= Unio Itineraria =

German scientific society

Unio Itineraria was a German scientific society which was based at Esslingen am Neckar in Baden-Württemberg, Germany.
The organisation paid botanists to travel and collect plants, and sold the collections in large sets which often resemble exsiccatae. The fifteen series with the title Unio itineraria are listed and described with bibliographic data in IndExs – Index of Exsiccatae. Rising costs associated with the Wilhelm Schimper expeditions led to the collapse of Unio Itineraria in 1842. Significant portions of the Unio Itineraria collections were directed to Herbarium Tubingense at the University of Tübingen in Baden-Württemberg.

==History==
Supported by William I of Württemberg (1781–1864), Unio Itineraria was established ca. 1825 to promote scientific investigation through the collection and distribution of determined (identified) plant specimens. The first collections distributed were those made by Franz von Fleischer in the surroundings of Trieste, Italy (1826). Unio Itineraria was organized by botanist Christian Ferdinand Friedrich Hochstetter (1787–1860) and physician Ernst Gottlieb von Steudel (1783–1856).

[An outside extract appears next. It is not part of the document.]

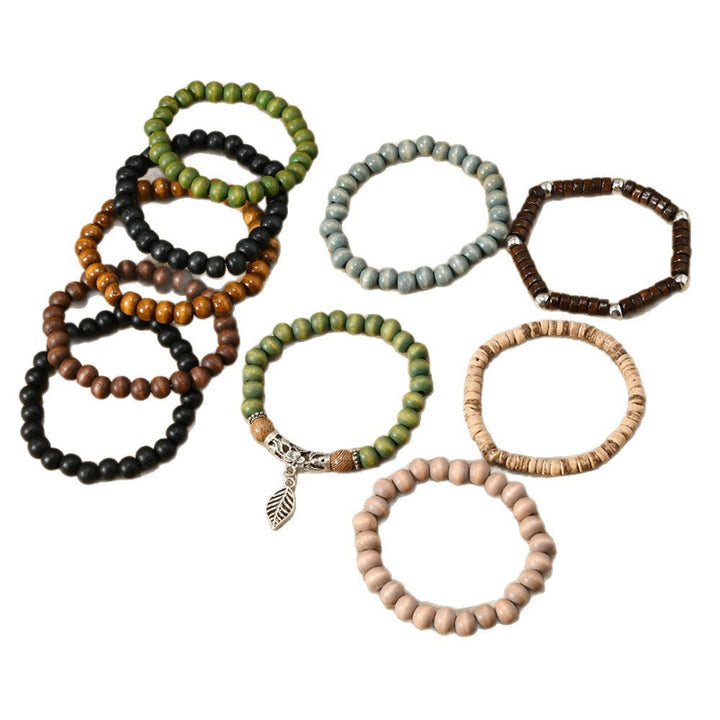 Boho Multi‑Layer Wooden Bead Stackable Bracelet Sets, Vintage Ethnic Mixed‑Media Statement Wrist Jewelry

The directors of Unio Itineraria raised funds through subscribers to the project to pay for expeditions and sold specimens as a dealership. The organization also sold birds, insects and libraries often as intermediaries and maintained agents. Several collectors are associated with the Unio Itineraria notably the organizers Ernst Gottlieb von Steudel and Christian Ferdinand Friedrich Hochstetter
as well as the explorer collectors:
- Franz von Fleischer (1801–1878) Expeditions to Illyria, Istria, Greece, Asia Minor, Syria and Egypt
- Joseph C. Frank (1782-1835) Expedition to Ohio
- Christian Friedrich Ecklon (1795 –1868) Expedition to South Africa
- Friedrich Welwitsch (1806 –1872) Expeditions to Portugal, Madeira, Canary Islands, Angola
- Anton Wiest (1801-1835) Expedition to Egypt
- Theodor Kotschy (1813–1866) Botanical research throughout the Middle East and northern Africa
- Wilhelm Schimper (1804-1878) Expeditions to Algeria, Austria, Ethiopia, Egypt, France, Germany, Greece, Saudi Arabia and Syria

After 1842 Rudolph Friedrich Hohenacker continued in editing and distributing remaining specimens of Unio Itineraria, among others in a series with the title W. Schimper pl. Abyssin. Ed. II Hohenacker. 1852. Further eight series with the title Unio itineraria cryptogamica were published and distributed between 1863 and 1868.